What you have to do >> A faithful copy of the data, pictures omitted, is the required answer.

Recorded information >>
────────────────────

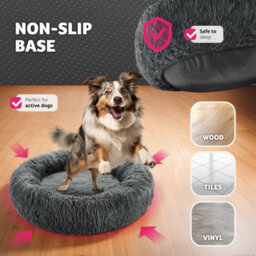 Tectake Dog Bed Maja - Round With Long Plush, Thick Padding With Raised Edge, Washable & Non-Slip  80 Cm - Grey - thumbnail 3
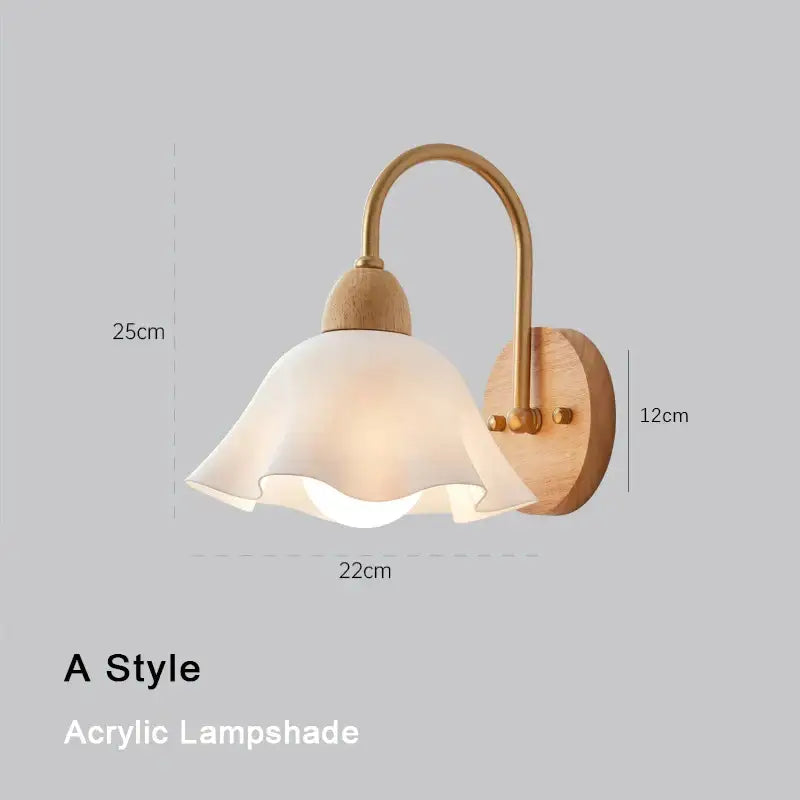 Scandinavian brass and cream led wooden wall lamp bedroom light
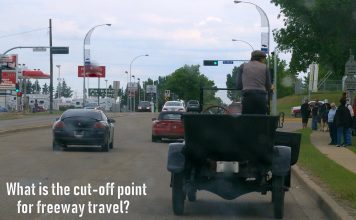 WHAT IS THE CUTOFF POINT FOR FREEWAY TRAVEL IN A CLASSIC CAR?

────────────────────

Response >>
 Tectake Dog Bed Maja - Round With Long Plush, Thick Padding With Raised Edge, Washable & Non-Slip  80 Cm - Grey - thumbnail 3
 Scandinavian brass and cream led wooden wall lamp bedroom light
 WHAT IS THE CUTOFF POINT FOR FREEWAY TRAVEL IN A CLASSIC CAR?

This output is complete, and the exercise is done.